Este recuo está diretamente ligado ao atingimento da cota de compras estabelecida pela China, principal parceiro comercial do Brasil nesse segmento. O país asiático impõe um limite de 1,106 milhão de toneladas para a entrada de carne bovina sem a aplicação de uma taxa adicional de 55%.
O Ministério do Comércio da China comunicou oficialmente ao Brasil, em 10 de agosto, que a utilização dessa cota havia alcançado 90%, sinalizando o iminente impacto nas exportações. Conforme informações divulgadas pelo Ministério do Desenvolvimento, Indústria, Comércio e Serviços (Mdic), essa redução nos embarques era esperada.
Impacto da Cota e Estratégia dos Exportadores
Herlon Brandão, diretor do Departamento de Estatísticas e Estudos de Comércio Exterior do Mdic, explicou que os exportadores tendem a reduzir os volumes embarcados quando se aproximam do limite da cota. Essa estratégia visa evitar a incidência da tarifa adicional, que encarece significativamente o produto.
Esse movimento explica a perda de força das vendas brasileiras de carne bovina para o mercado chinês durante o mês de agosto. A dinâmica de mercado demonstra a sensibilidade do setor às políticas comerciais internacionais e a importância da China como destino das exportações.
Desempenho Anual Mantém Crescimento Apesar da Queda Mensal
Apesar do desempenho negativo em agosto, o cenário acumulado de 2026 permanece positivo para as exportações de carne bovina. De janeiro a agosto, o volume total de carne resfriada e congelada exportada pelo Brasil apresentou um crescimento de 4,7%.

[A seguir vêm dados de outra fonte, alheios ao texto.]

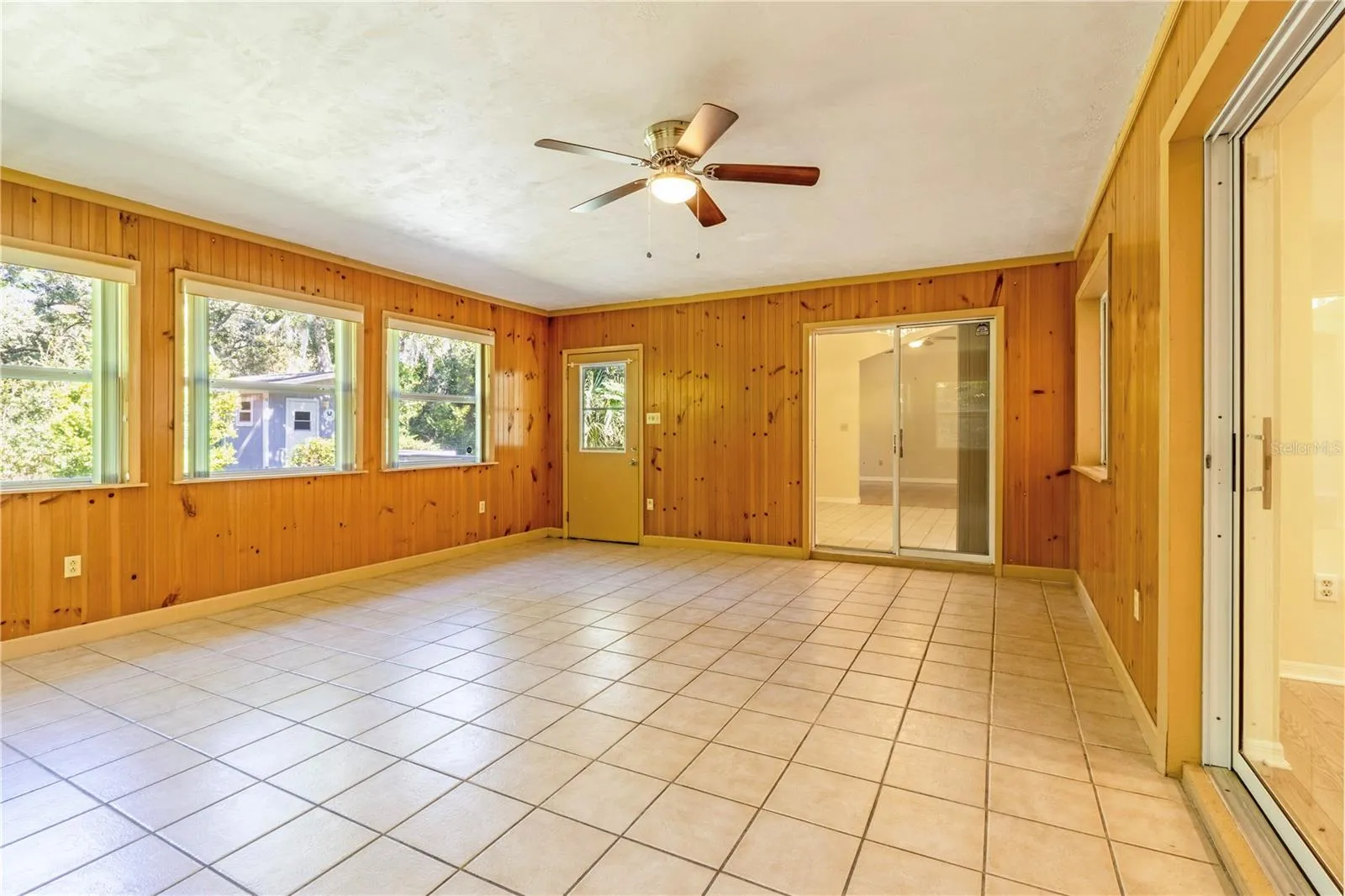 Sun room/Rec Room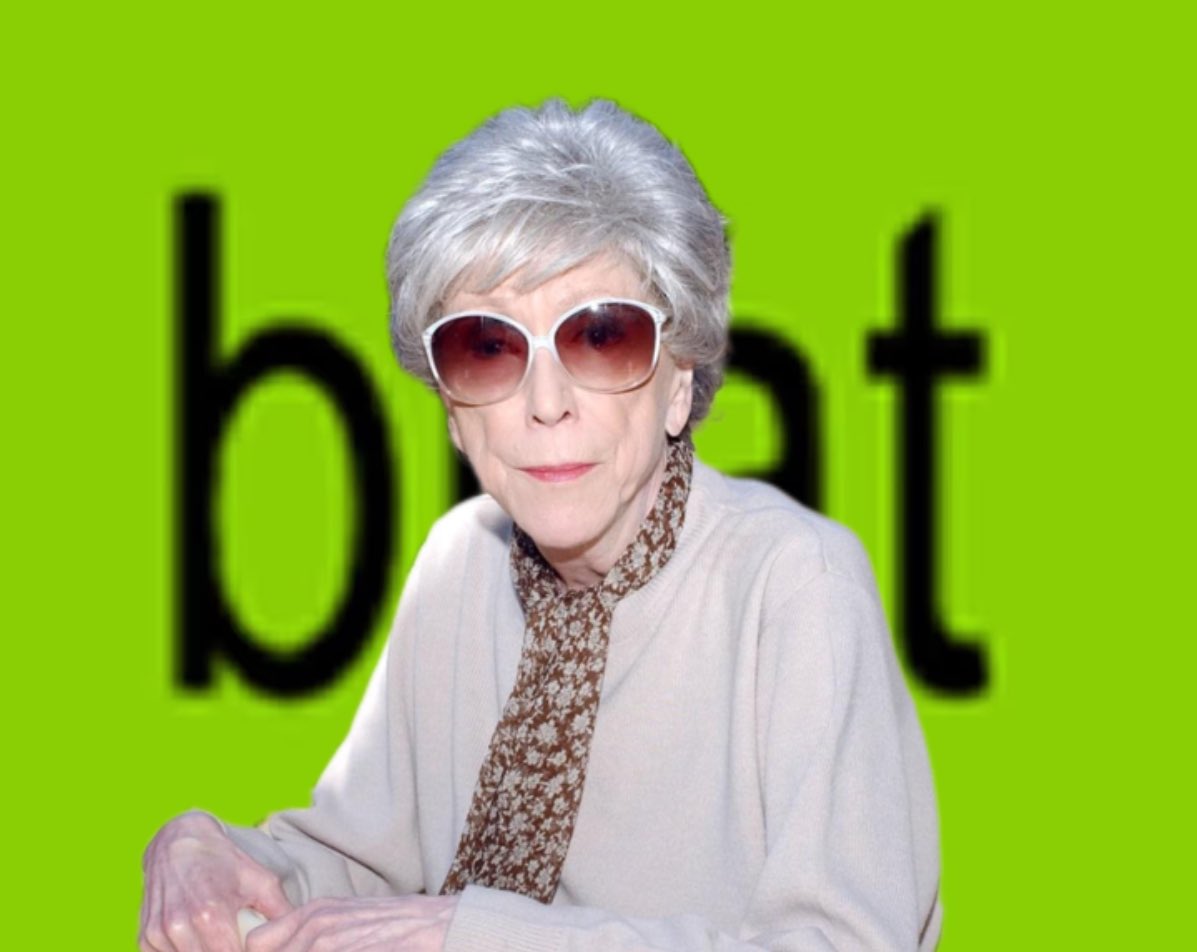 randomstuffxzxz's tweet photo. Blanche Summer https://t.co/CWxm34jPZL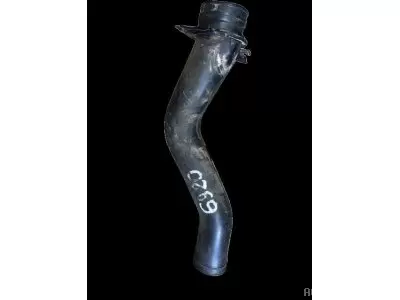 TUYAU D'ADMISSION D'AIR 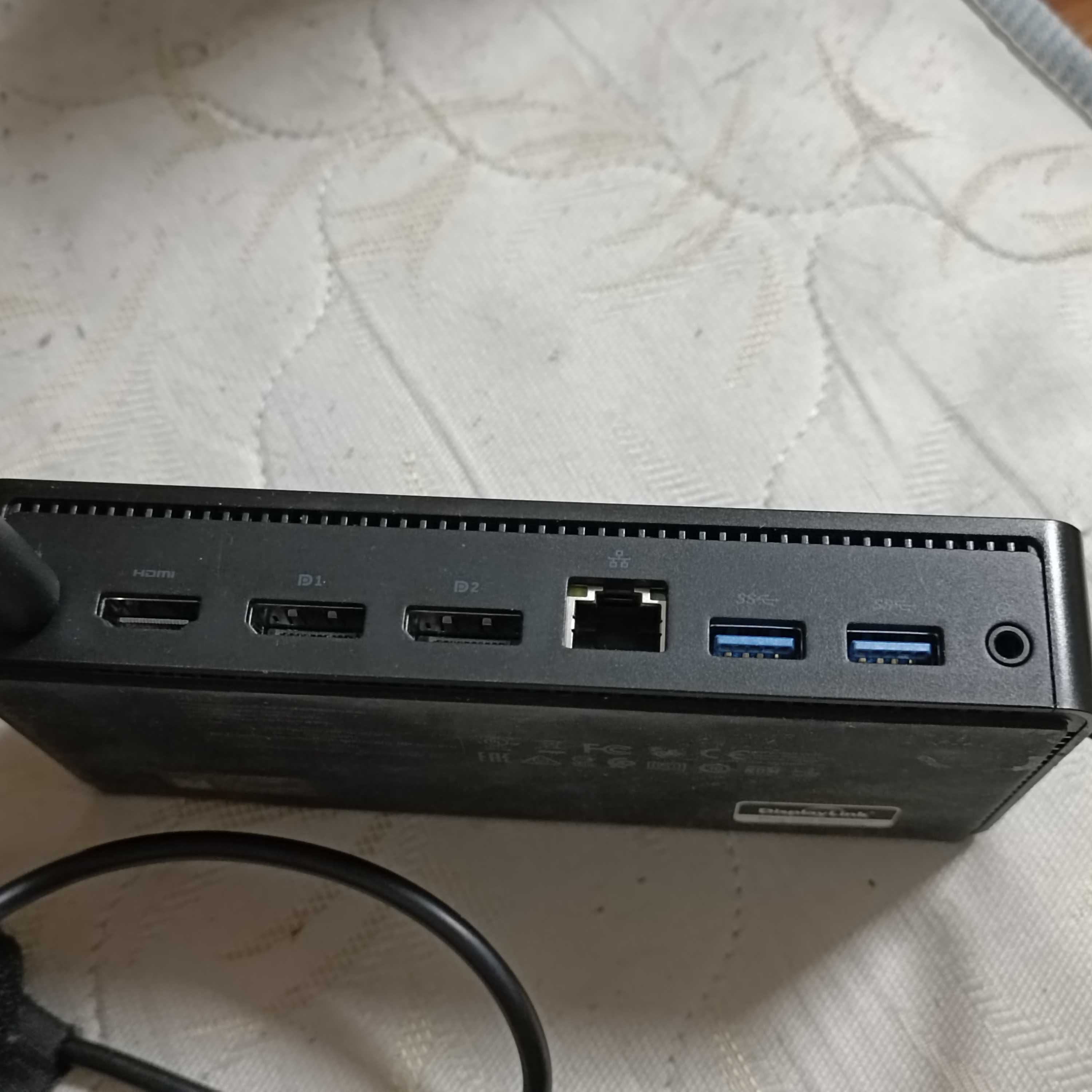 Док-станция Dell USB 3.0 or USB-C Universal Dock D6000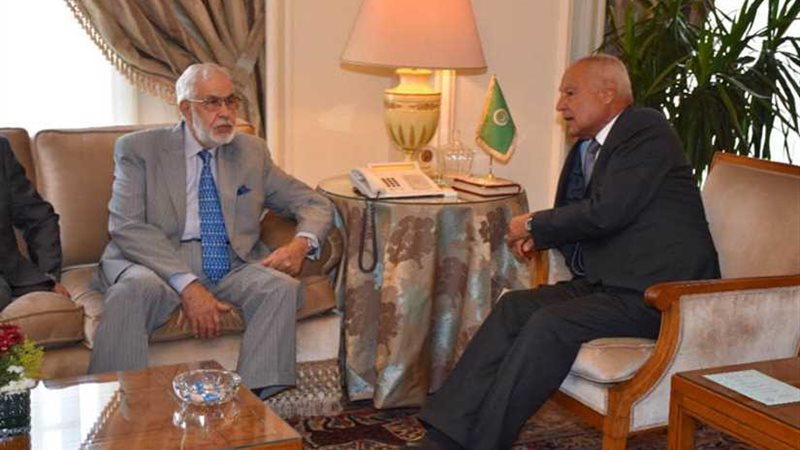 أبوالغيط يستعرض مع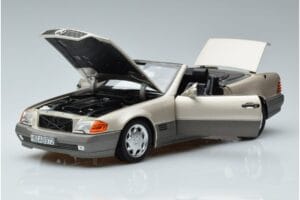 Mercedes 500 SL R129 Smoke Stříbrný Norev 1:18 183719 Kov – obrázek 2 z 7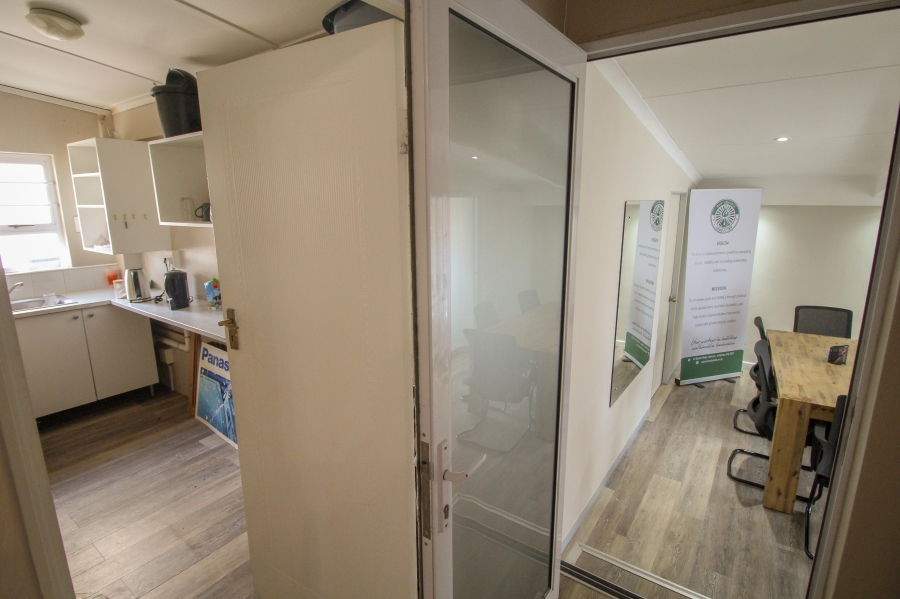 Commercial Property for Sale in Nahoon Eastern Cape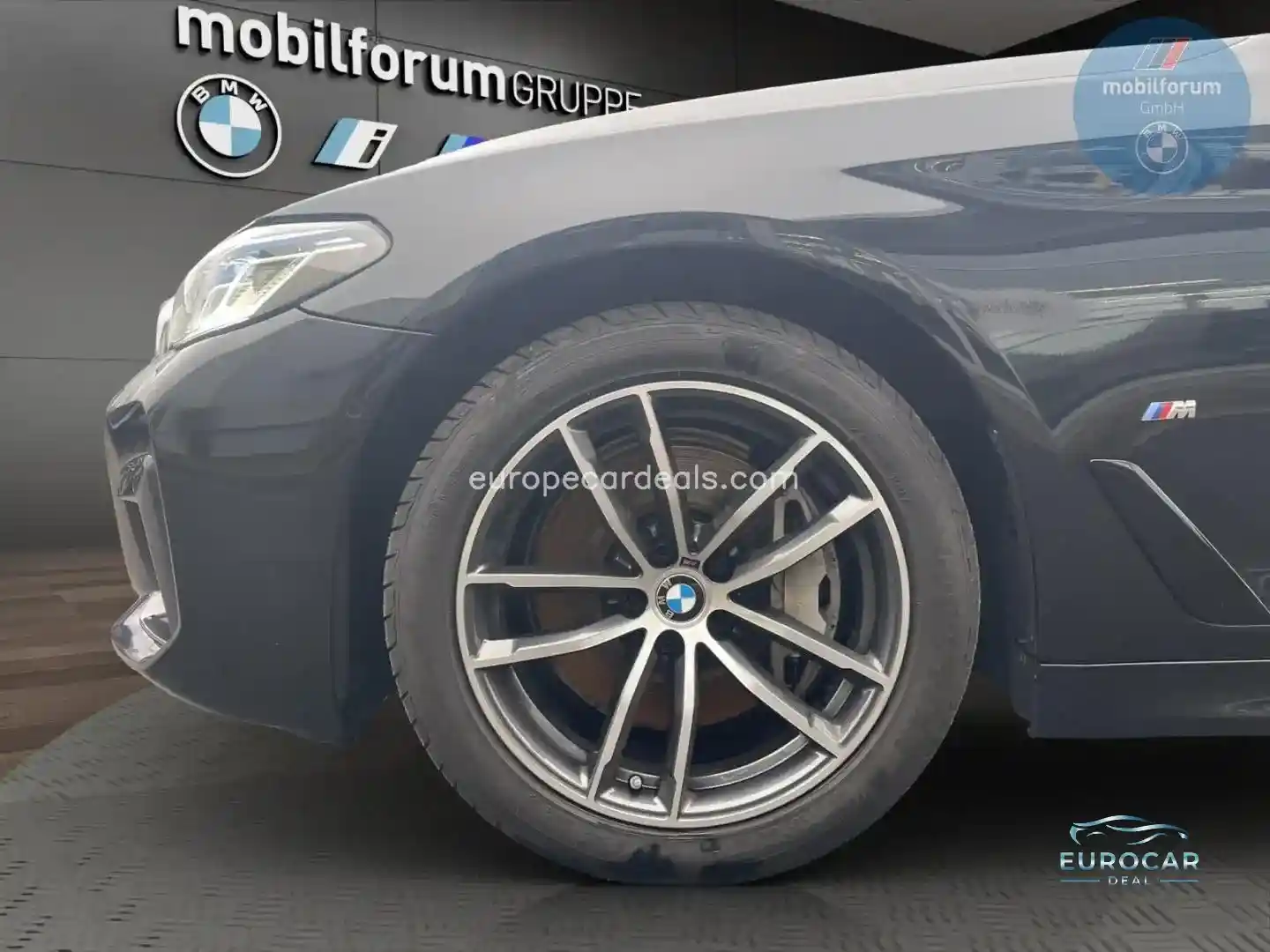 BMW 530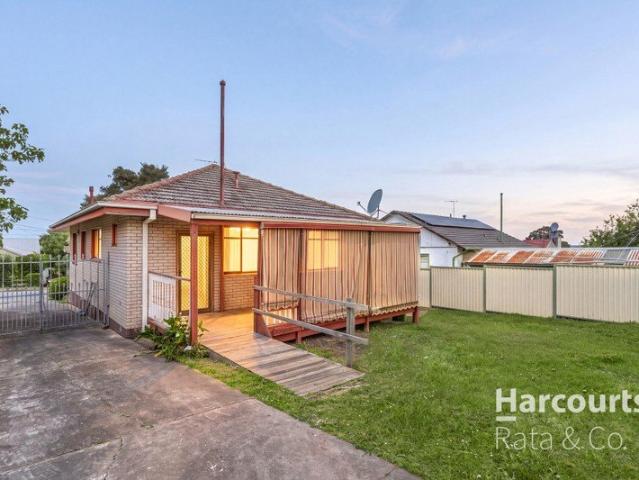 A BIG BACKYARD, SPACIOUS BEDROOMS & ENDLESS POTENTIAL!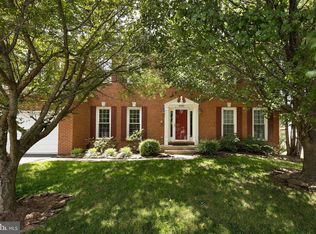 4792 Walbern Ct, Chantilly, VA 20151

Em valor, o aumento no acumulado do ano foi ainda mais expressivo, atingindo 22,3% na comparação com o mesmo período do ano anterior. Isso indica que, a longo prazo, o setor continua a expandir sua presença no mercado global.
Exportações para a Ásia e Influência Chinesa
A China também exerceu influência no desempenho geral das exportações brasileiras para o continente asiático. Em agosto, os embarques para a Ásia recuaram 19,2% em volume e 10,9% em valor, refletindo o impacto da cota chinesa.
Contudo, o acumulado de janeiro a agosto para as exportações brasileiras para a Ásia demonstra resiliência. Nesse período, as vendas para o continente avançaram 15% em valor e 3,3% em volume, evidenciando a importância estratégica da região para o agronegócio brasileiro.